Rape gang jailed for 42 years
A gang who plied two teenage girls with alcohol and drugs before they were raped and sexually assaulted have been jailed for a total of 42 years.
The five men – all from Coventry – groomed their victims on Facebook before driving them to locations in the city where they were attacked.
One of the girls regained consciousness while she was being attacked on the back seat of a car.
Waqaar Khan, Kadeem Bourne, Marcus Woolcock, Kenan Kelly and Zahid Chaudhary - whose addresses cannot be published for legal reasons - were found guilty of a total of 18 offences following a six-week trial which ended in December.
All five men appeared for sentencing at Warwick Crown Court today.
The heaviest prison sentence was handed to Khan, 24, who will serve 14-and-a-half years after being found guilty of two counts of trafficking and three of rape.
Bourne, 23, was found guilty of two counts of trafficking, three of rape and one of sexual assault and was jailed for 13-and-a-half-years.
The youngest in the group, 18-year-old Kelly, was convicted of two rapes, one sexual assault and one count of trafficking, and was jailed for ten years.
He also pleaded guilty to two counts of possession with intent to supply drugs.
Marcus Woolcock, 22, was sentenced to two-and-a-half years for one count each of trafficking and sexual assault, while Chaudhary was given 18 months for one count of trafficking.
The group were charged in connection with offences against six girls, but were only found guilty of offences relating to two of them.
Judge Sylvia de Bertodano told them: “You five are all here because of what happened between you and two teenage girls.
“You, as older boys and young men, each in different ways, took advantage of the naivety of these teenage girls in order to sexually exploit them.

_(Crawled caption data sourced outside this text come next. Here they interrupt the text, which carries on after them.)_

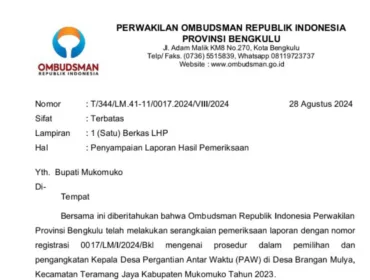 Penggalan Surat Ombudsman RI Untuk Bupati Mukomuko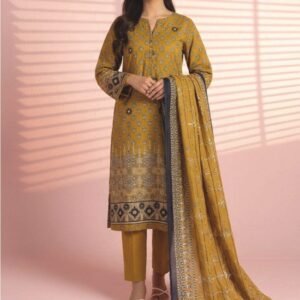 Mustard ochre embroidered lawn shirt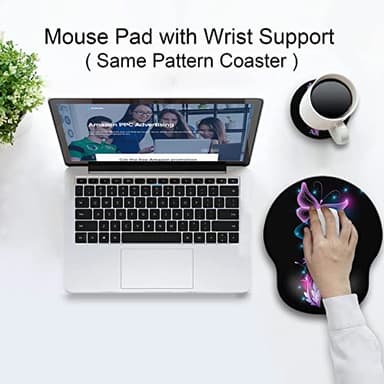 Ergonomic Mouse Pad with Wrist Support Rest,Large Mousepad Gel Wrist Rest, with Coaster Non-Slip & Pain Relief for Computer, Desk, Home&Office-Purple Butterflies - Image 7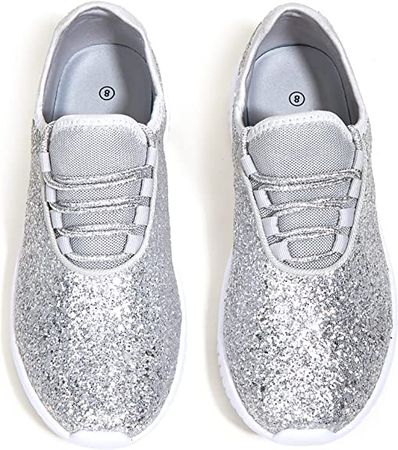 Amazon.com | K KIP WOK Fashion Glitter Sneakers for Womens Silp On Running Shoes Lightweigt Tennis Walking Sneakers(Silver2,8B(M) US) | Fashion Sneakers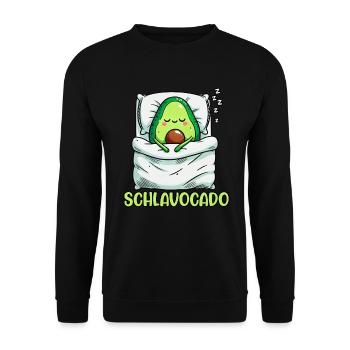 Schlavocado Avocado Sleep Lover Kawaii Avocado - Unisex Sweatshirt - black - Front - Alina (178cm) & Michal (187cm)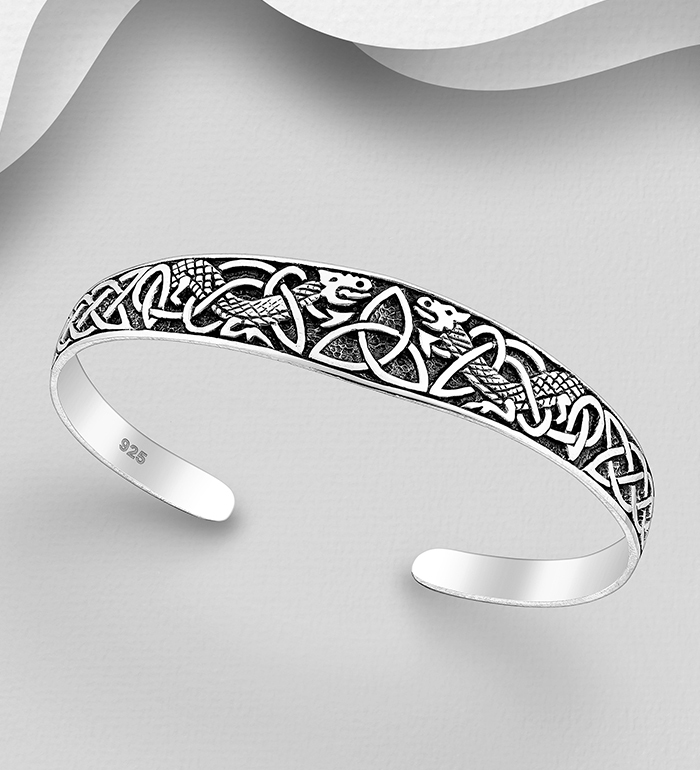 Zilveren armband " Keltische draken + keltische tekens "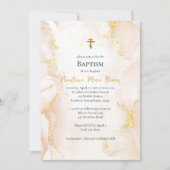 Invitation Baptême orthodoxe pêche et or (Devant)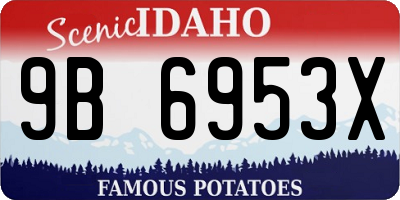 ID license plate 9B6953X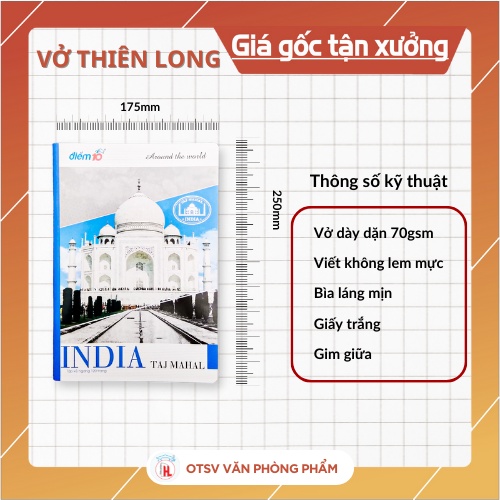THIÊN LONG ĐIỂM 10 Vở kẻ ngang Kỳ quan thế giới 72 trang, 120 trang láng mịn, không nhòe mực - Hàng cao cấp chính hãng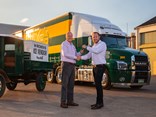 Graham Richers, Managing Director of Richers transport takes the keys of the milestone Anthem from Tom Chapman, Vice President, Mack trucks Australia  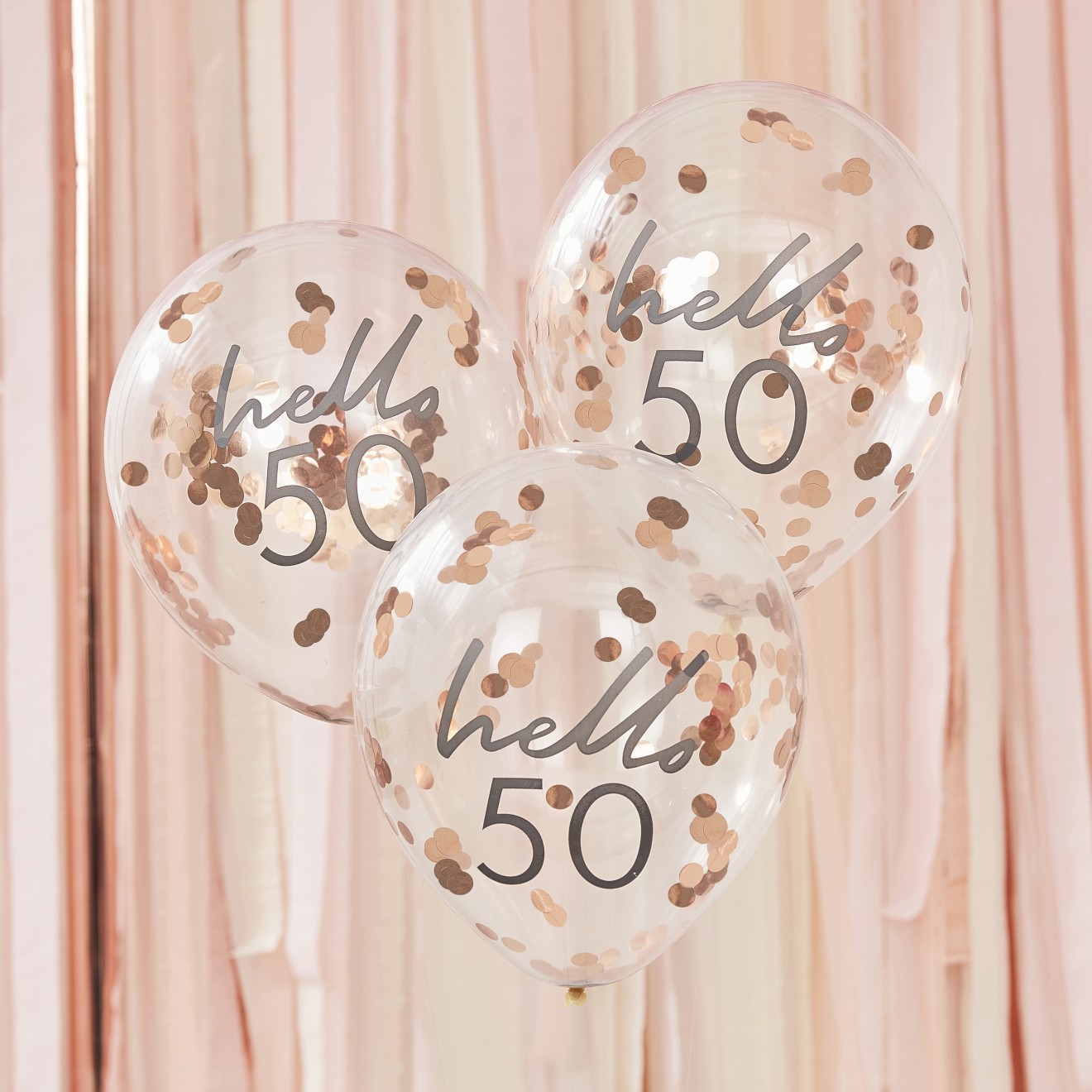5 Rose Gold Confetti Filled 'Hello 50' Balloons
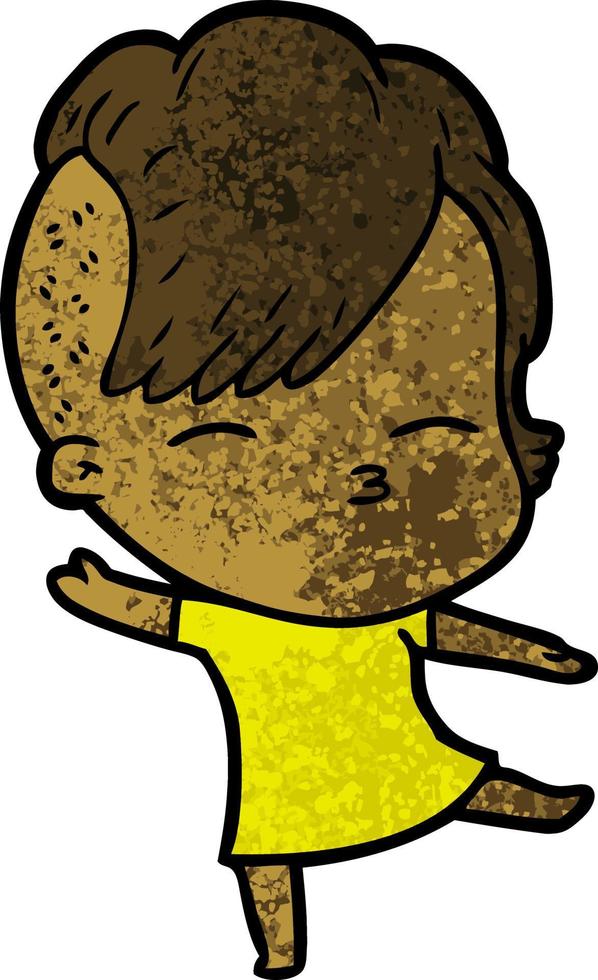 cartoon squinting girl vector
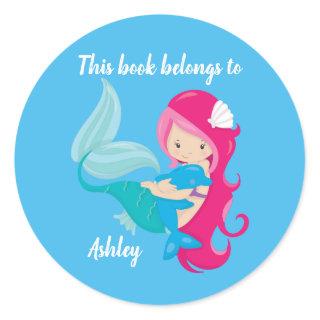 Cute Custom Mermaid Beach This Book Belongs To Classic Round Sticker
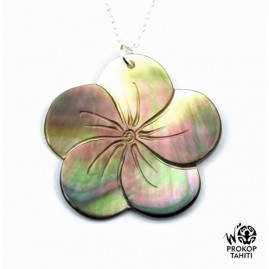 Chaine argent pendentif nacre prokop fleur tahiti 5fg33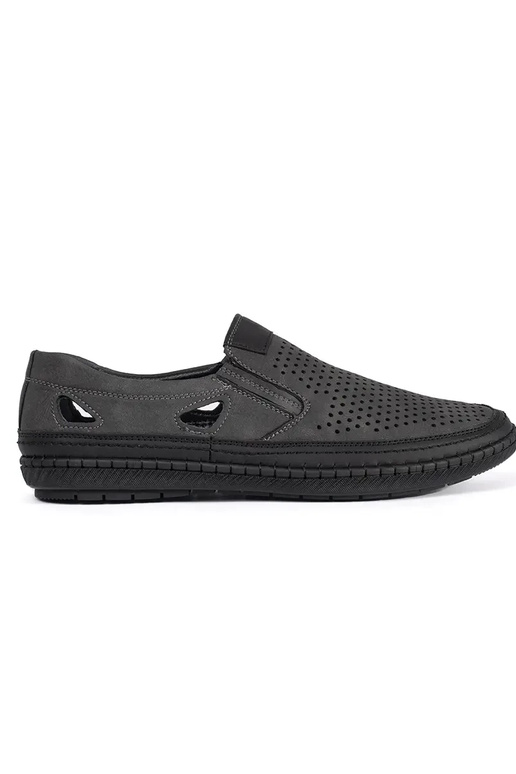 Sivé pánske perforované topánky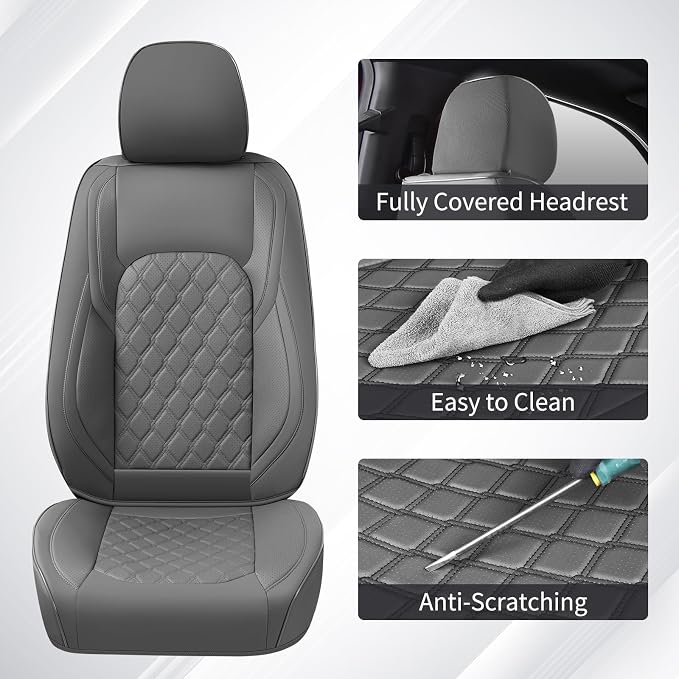 Huidasource Silverado Seat Cover, Sierra Seat Cover fit for Chevy Silverado/GMC 2014-2018 1500, 2015-2019 2500HD 3500HD Crew Double Extended Cab, Thickened Nappa Leather Truck Seat Covers, Black&Blue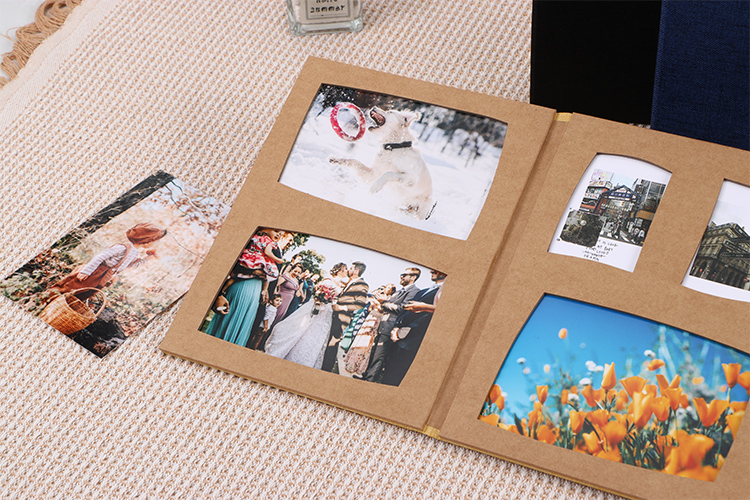 Album photo avec papier de soie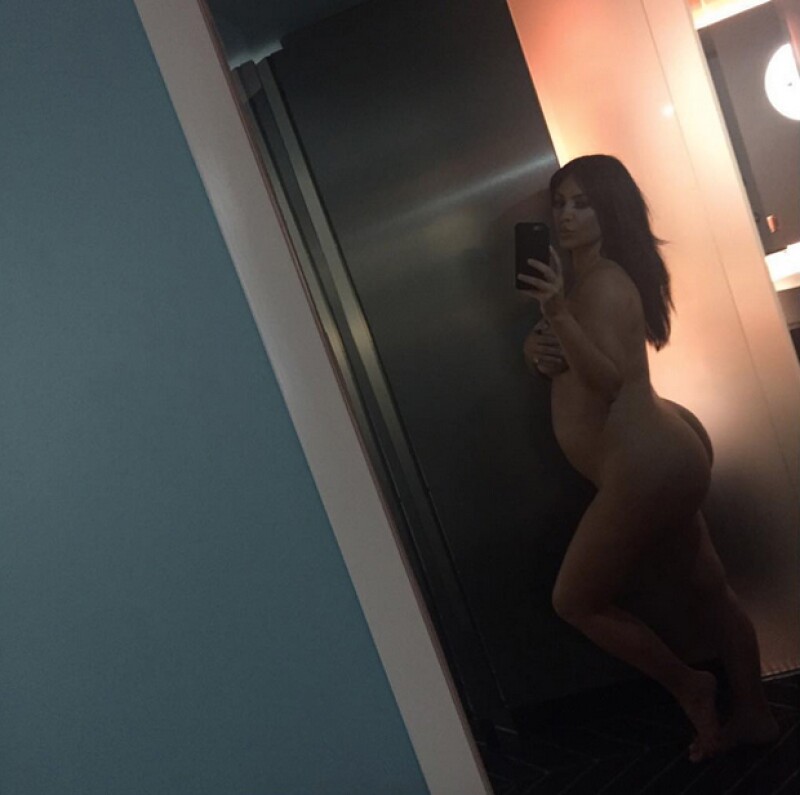 Con esta selfie, Kim Kardashian acalló los rumores sobre un fake pregnancy.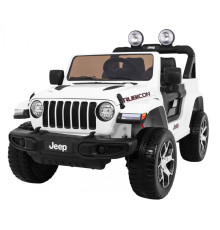 Дитячий Jeep Wrangler Rubicon на акумуляторі Білий + Пульт + Радіо MP3 LED + Колеса EVA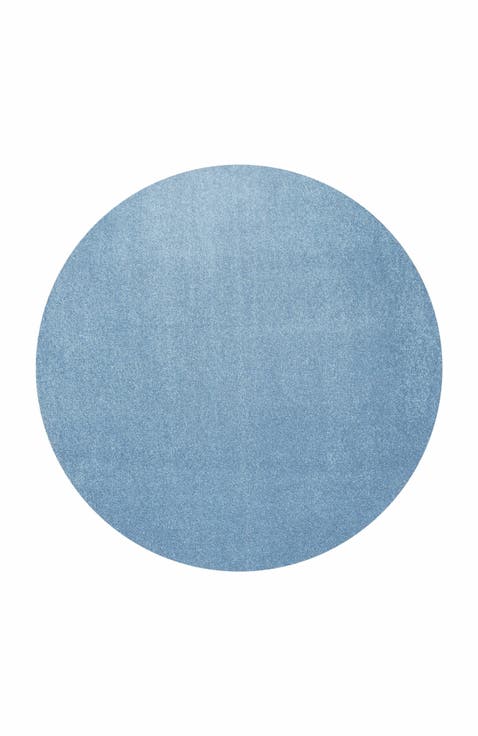 Haze Solid Low-Pile Round Area Rug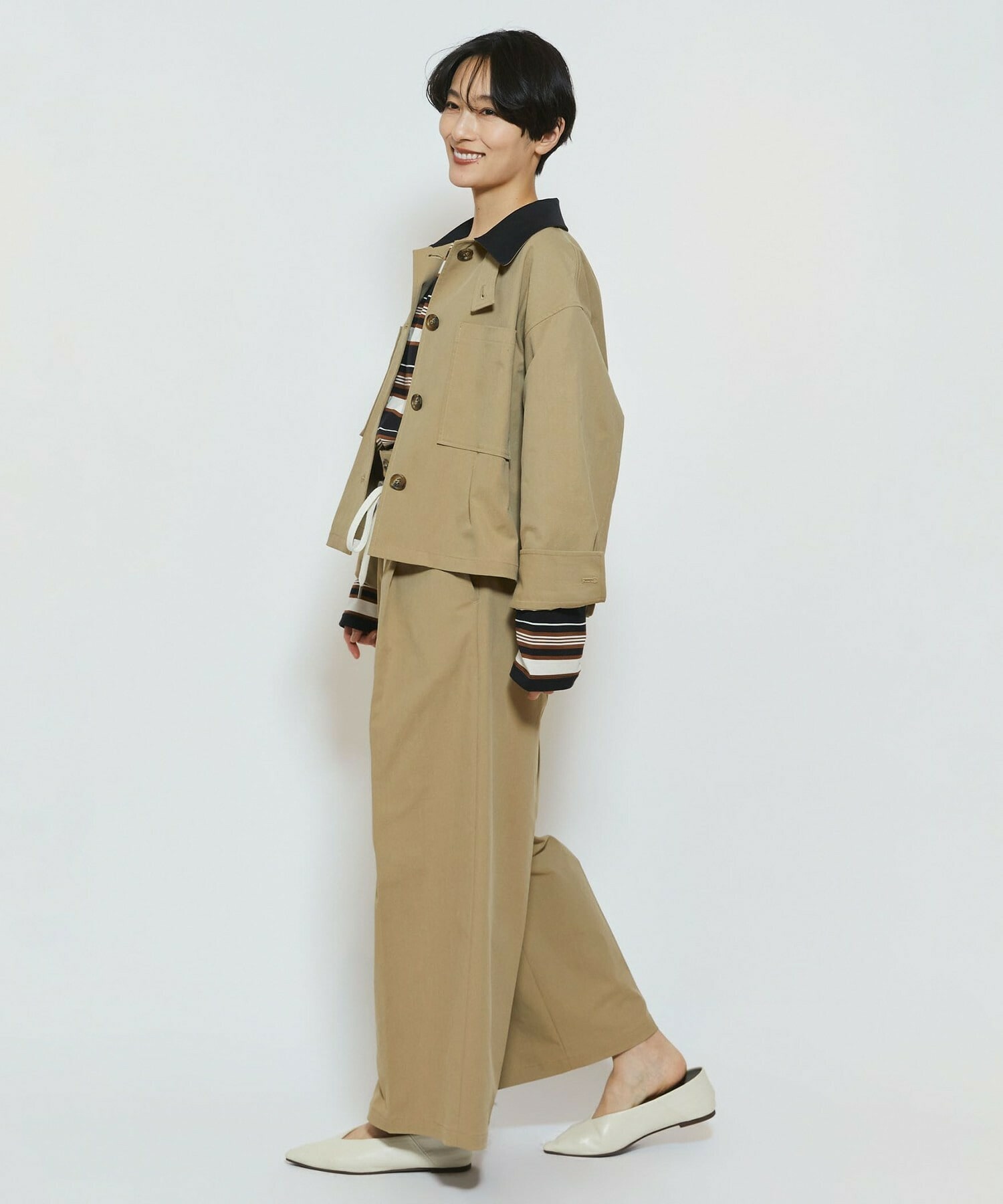 【feerique】【Lサイズ】feerique ポリエステルツイルワイドチノパンツ 詳細画像 チャコールグレー 11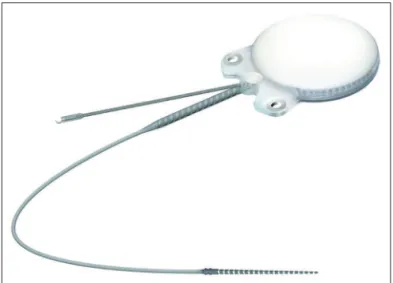 Figure 1. Internal component with receptor, stimulator, and magnet,  in a small sealed ceramic framework on a titanium base plate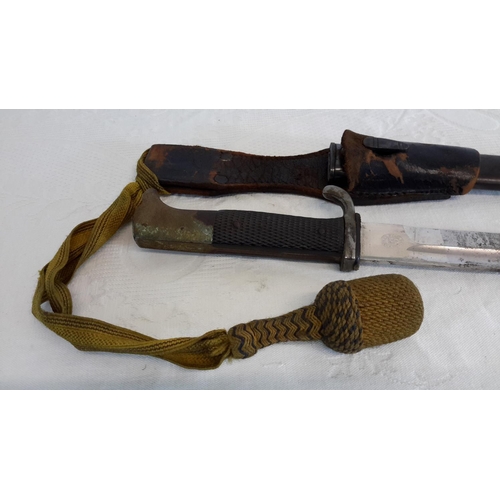 74 - WW2 German army officer's long dress knife with scabbard, leather frog & portepee sword knot, maker ...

“You, Waqaar Khan, used the fact that through social media it is easy to get in touch with girls and to exploit their desire to be grown up and rebellious in order to persuade them to get in to cars with you, and to then sexually exploit them when they have no realistic chance to escape.
“All of you played a part in that exploitation that then happened.
“These two girls suffered horrific experiences.”
Judge de Bertodano told the five defendants that they all come from supportive families and they must all have “younger sisters or cousins who you would be horrified for if anyone treated them in the way you treated these girls”.
She added: “Your families have had to sit and listen to what you have been doing which bears no reality at all to the person they have brought up.”
Khan, Bourne and Kelly were all ordered to sign the sex offenders’ register for life, while Woolcock must sign for five years.